When to use this tool
Use to randomise the order of lines in any list:
- →Shuffling a list of quiz questions to create a randomised question order for different students or exam sittings
- →Randomising a list of items for a raffle, lottery draw, or random selection without bias
- →Shuffling test data lines to remove order-dependent bias from automated test suites
- →Creating randomised seating charts or group assignments from a list of names
- →Generating a random playlist order from a list of song titles or file names
- →Randomising the order of code snippets in a training dataset before splitting into train and test sets
Frequently asked questions
Q:What is the Fisher-Yates shuffle and why does it matter?
The Fisher-Yates shuffle (also called the Knuth shuffle) is an algorithm that produces a uniformly random permutation — every possible ordering of the list is equally likely. Naive shuffling approaches (like repeatedly sorting with a random comparator) produce biased distributions where some orderings are more likely than others. Fisher-Yates guarantees true uniformity, making it the correct algorithm for applications like fair draws and unbiased test data.
Q:What is a seed and how does it make shuffles reproducible?
A seed is a number that initialises a deterministic pseudo-random number generator (PRNG). Given the same seed, the PRNG produces the same sequence of numbers every time, and therefore the Fisher-Yates shuffle produces the same permutation every time. This lets you share a shuffle result with others (just share the seed and the original list), reproduce a shuffle for debugging, or use the same random order across multiple environments.
Q:Is the shuffle truly random when no seed is set?
Without a seed, the tool uses JavaScript's Math.random(), which is a pseudorandom number generator seeded by the browser's entropy source (typically a combination of time, hardware, and OS randomness). It is not cryptographically secure but is more than sufficient for fair draws, quiz randomisation, and general list shuffling. For cryptographically secure randomness, a CSPRNG would be needed.
Q:Does the same seed always produce the same order?
Yes — the tool uses the mulberry32 seeded PRNG algorithm, which produces a deterministic sequence for any given integer seed.

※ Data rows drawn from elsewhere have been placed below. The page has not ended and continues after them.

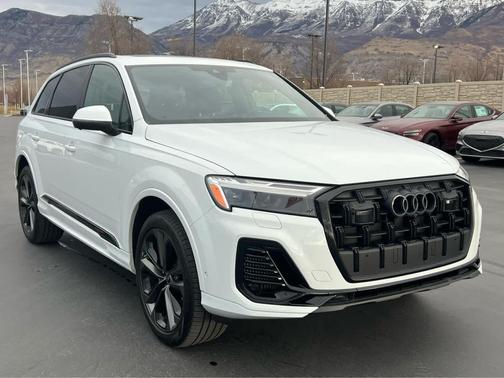 2025 Audi Q7 55 Premium Plus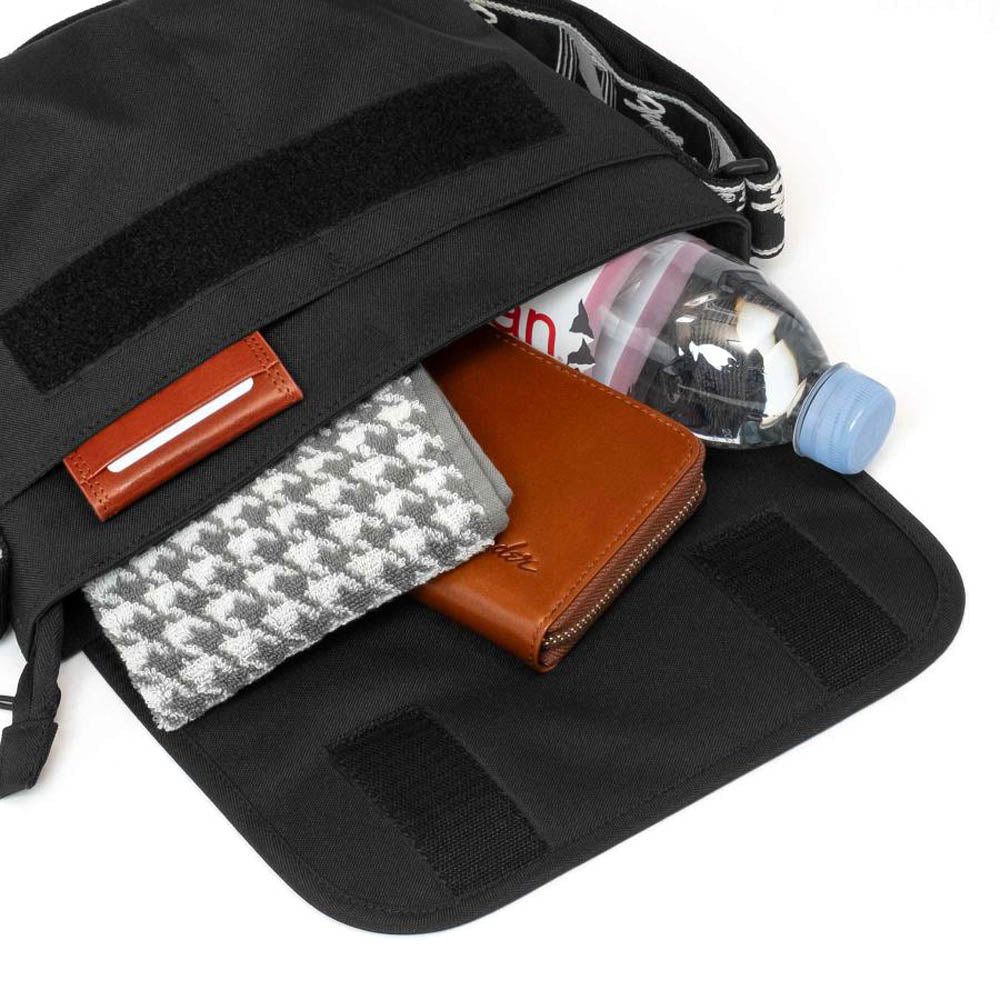 FENDER (80th Anniversary) - Flap Shoulder / Grey Strap / Shoulder Bag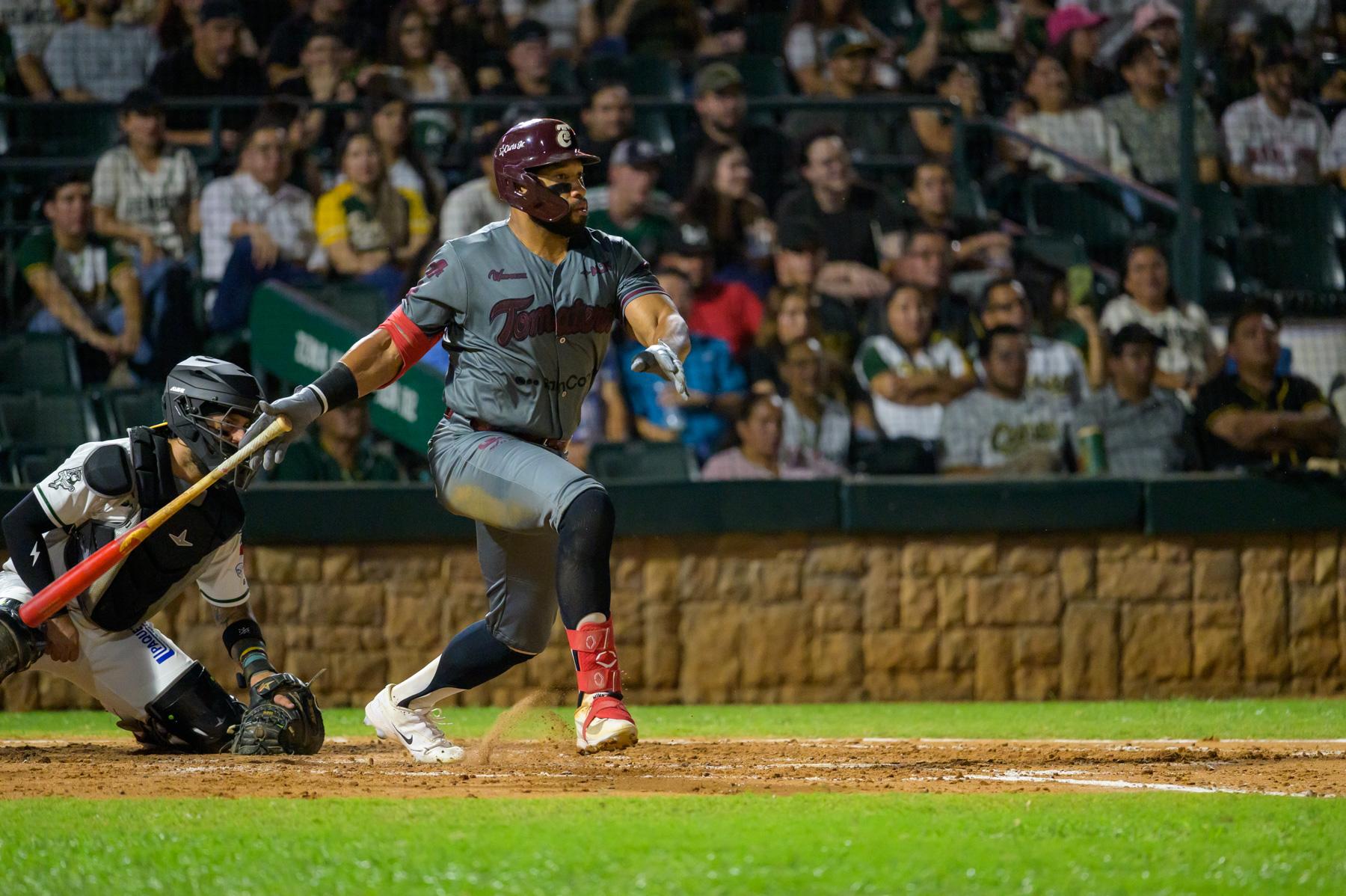 $!Jon Singleton produce con hit.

Seed 42 always produces the same shuffle of the same input, regardless of when or where you run the tool. This is useful for reproducible randomisation in testing, education, and content generation scenarios.

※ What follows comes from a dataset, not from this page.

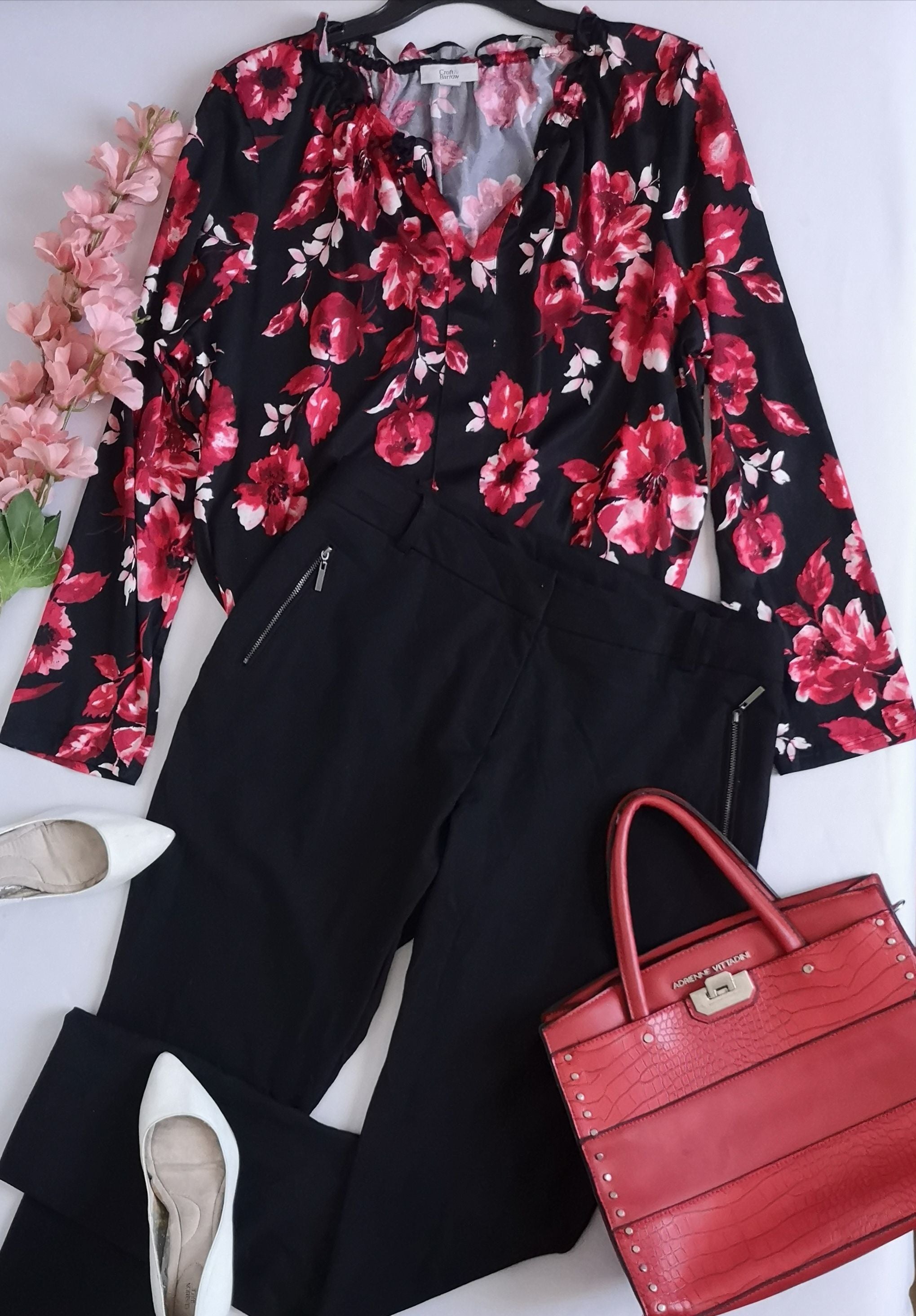 Pantalón con zipper a los lados y blusa ⚓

Q:Can I reshuffle the same list to get a different order?
Yes — click 'Shuffle Again' to generate a new random order. Without a seed, each click produces a different result. With a seed set, each click produces the same result (because the same seed always produces the same permutation). To get a different seeded result, change the seed number.
Q:Does shuffling preserve the total number of lines?
Yes — the Fisher-Yates shuffle is a permutation: it rearranges lines without adding, removing, or duplicating any of them. With 'Skip empty lines' enabled, blank lines are excluded before shuffling, so the output contains only the non-empty lines in a random order. With 'Skip empty lines' disabled, blank lines are included in the shuffle and may appear anywhere in the output.